Your instructions:
Output, exactly and with no pictures, the line that contains "Armani Exchange Textil 3RYTEL" and every line that comes after it in the data below, the last one included.

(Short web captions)
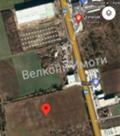Продава ПАРЦЕЛ, гр. Пловдив, Индустриална зона - Север, снимка 2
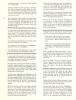 Heresies_01_026.jpg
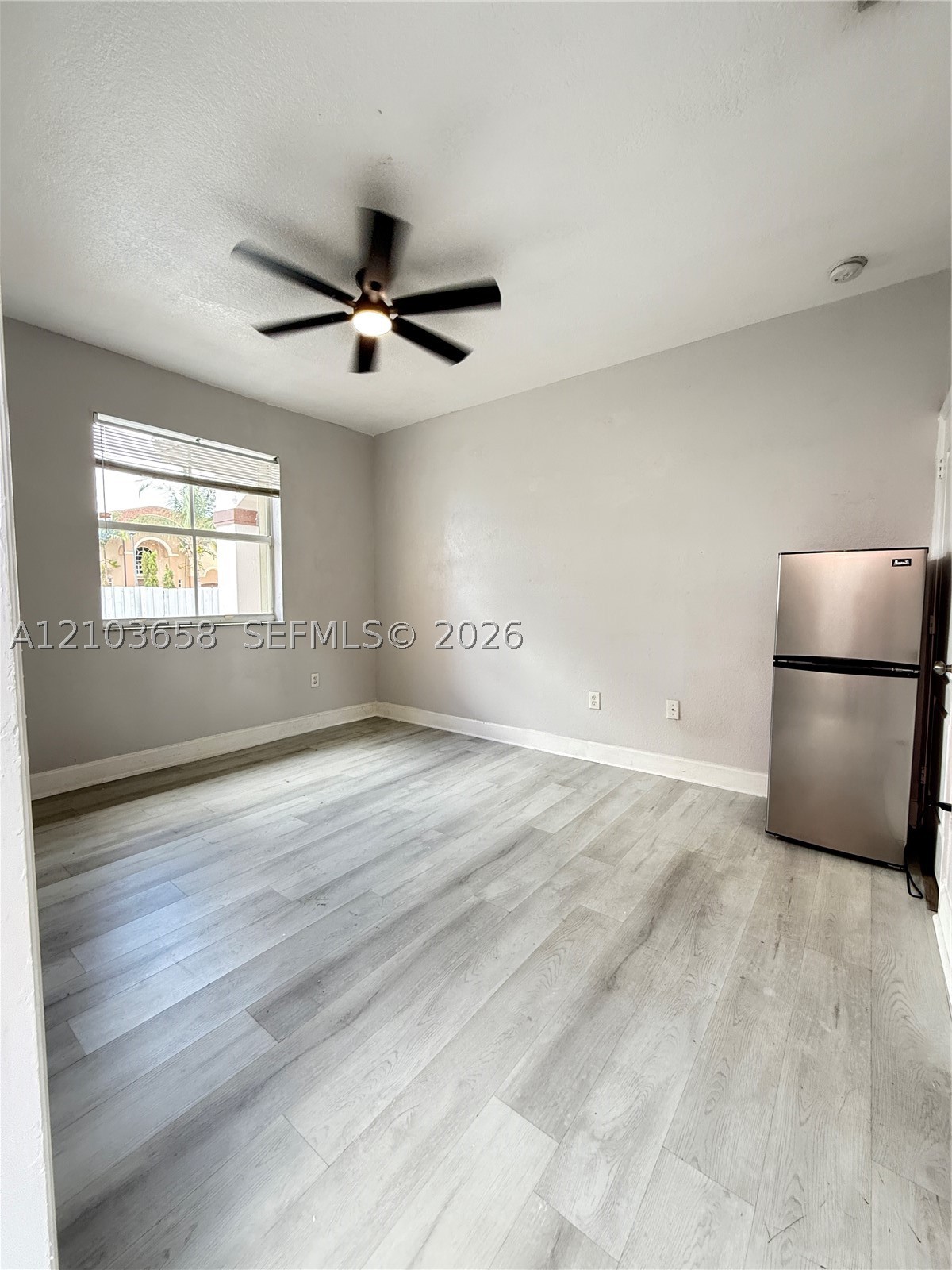 6651 SW 158th Ct Unit 1 — photo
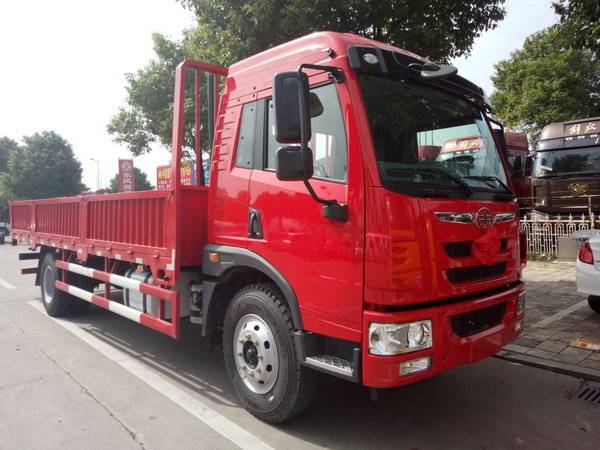 �����û� ��ɳ��V�ػ����һ�0.58��Ԫ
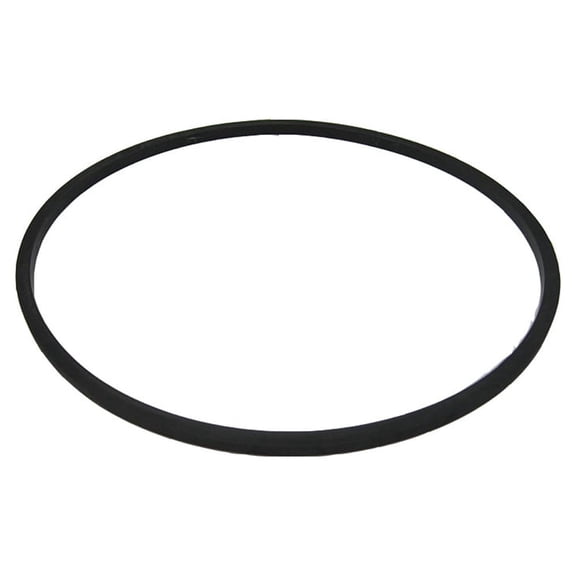 RAParts 111592A1  New Aftermarket Replacement Square Seal Fits LV80, U80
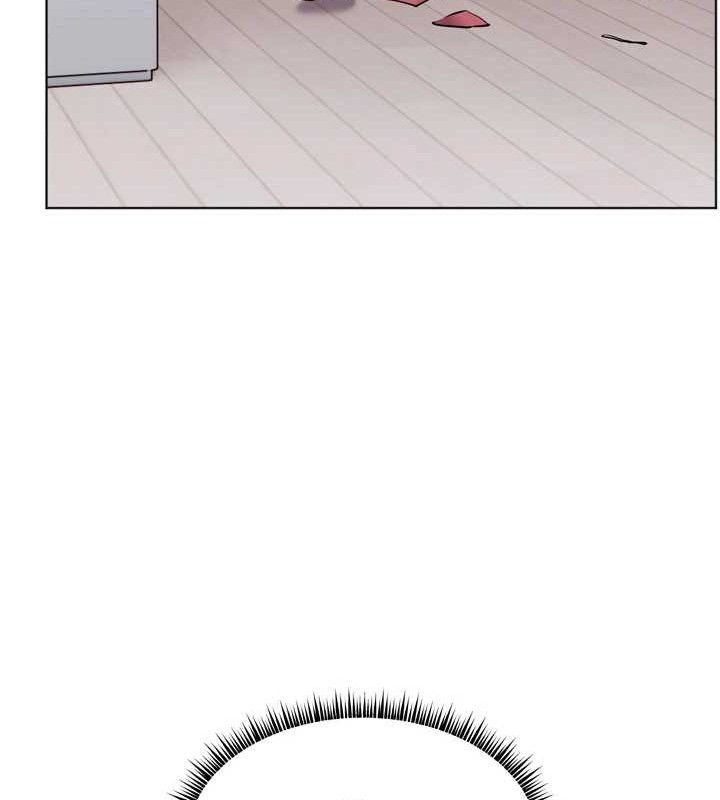 178P - 老师的亲密指导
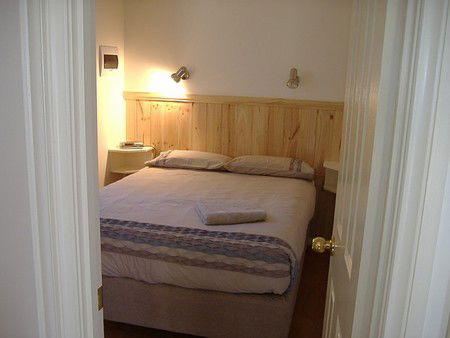 Yackandandah Holiday Park - Tourism Canberra 1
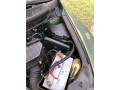 honda-civic-rebone-prosmetic-2007-small-13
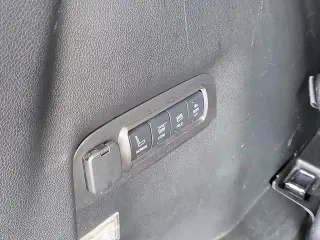 Ford Explorer 2018 Limited 4dr SUV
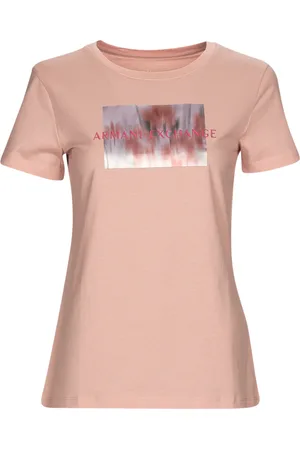 Armani Exchange Textil 3RYTEL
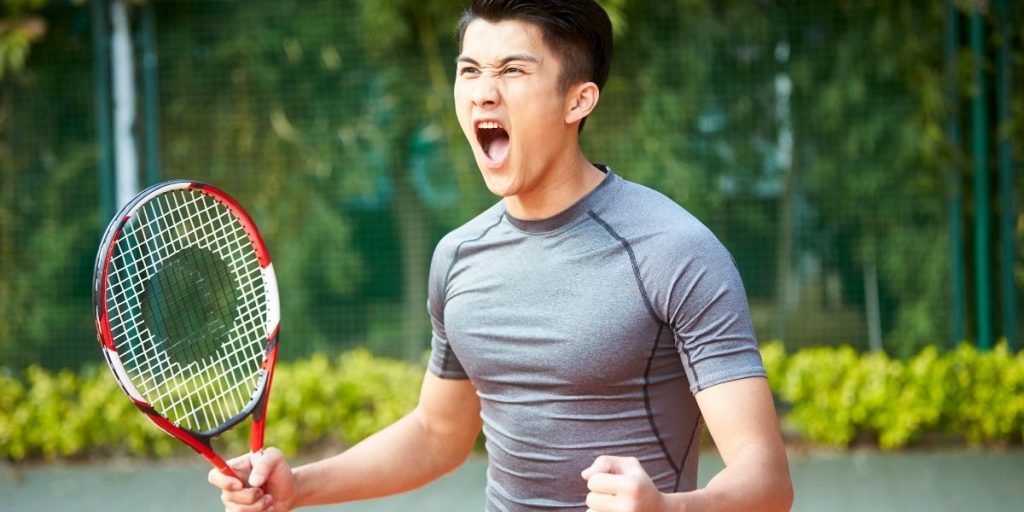 Tennistiqueur et Avis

Answer for the task:
 Armani Exchange Textil 3RYTEL
 Tennistiqueur et Avis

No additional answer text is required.